LOS ANGELES - The mayor of the nation's second largest city, Los Angeles had his worst fears realized.
Just as he had stated earlier in the week, Mayor Antonio "El Homey Boy Tony" Villaraigosa was afraid that if the Lakers won the NBA title the fans (citizens) of the Left Coast's largest city would celebrate by burning the hell out of pretty much anything that they could put a match or Bic lighter to.
Los Angeles, which literally means "The City of Angeles" once again showed and proved to the nation and the sports world that whoever named the city, certainly picked the wrong friggin name.
The rioting Laker fans, who are just a very small minority of the decent, law abiding fans, join the List of Embarrassing L.A. People that includes Charles Manson, Sirhan Sirhan, Lindsay Lohan, O.J. Simpson, and Jay Leno.
Los Angeles' finest, the men and women in blue, once again had to face people who call themselves basketball fans, but who in reality closer resemble Taliban and Al Qaeda operatives dressed in baggy pants, baggy shirts, side-wearing baseball caps, and Dollar Store bling-bling.
Police reported arresting thousands of L.A. "Losers" for such infractions as drunkenness, arson, illegal possession of a grenade launcher, contributing to the delinquency of prostitutes, and tagging "Celtics Suck" graffiti on unsuspecting elderly people.
And two individuals, who reside in Cucamonga, and were identified as brothers Wardell and Shardell Fangbrewster, were arrested in the possession of a stolen heat-seeking mini-missile.
LAPD spokesperson Brenda Jo Slideweather stated that other violations included throwing burritos at passing motorists (the actual animal not the food), wearing burning orange traffic cones as hats, tossing newspaper racks at the Boston Celtics bus, and three cases of self-inflicted habeas corpus, and four cases of flagrantly soliciting half a pound of ipso facto.
The mayor was asked what had happened to his original threat, which had been suggested to him by Arizona Sheriff Joe "Pinky" Arpaio to shoot any fan lighting a fire.
The mayor paused, shook his head, and said that Governor Schwarzenegger had called him and told him that he had better not even consider the suggestion that "Pinky" Arpaio had made because the silly SOB has effed up his state and now he is trying to do the same with California.
And so once again, for the 16th time, the Los Angeles Lakers have been crowned the best team in basketball.

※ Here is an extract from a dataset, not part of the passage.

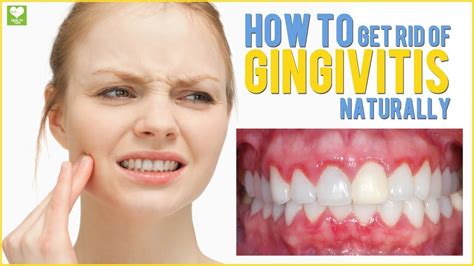 How To Get Rid Of Gingivitis Naturally Gum Disease Youtube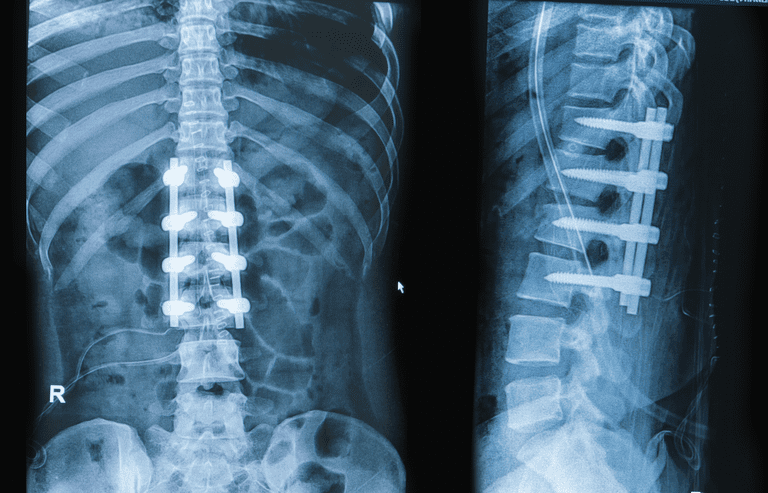 Razones para la cirugía de revisión de la columna vertebral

But sadly the name 'best' cannot be used to describe a handful of their fans, who only seem to attend the games for the "After Game Victory Riot."
SIDENOTE: Luckily none of the "Nice" Laker fans nor any animals were hurt in the dysfunctional Laker merriment. One of the fans who was arrested for wearing a burning orange traffic cone was asked why he and others went on a lawless rampage. His reply was typical..."I think dat it be because we basically have deep rooted Oedipus complex issues, or maybe it's cause we're just Left Coast assholes."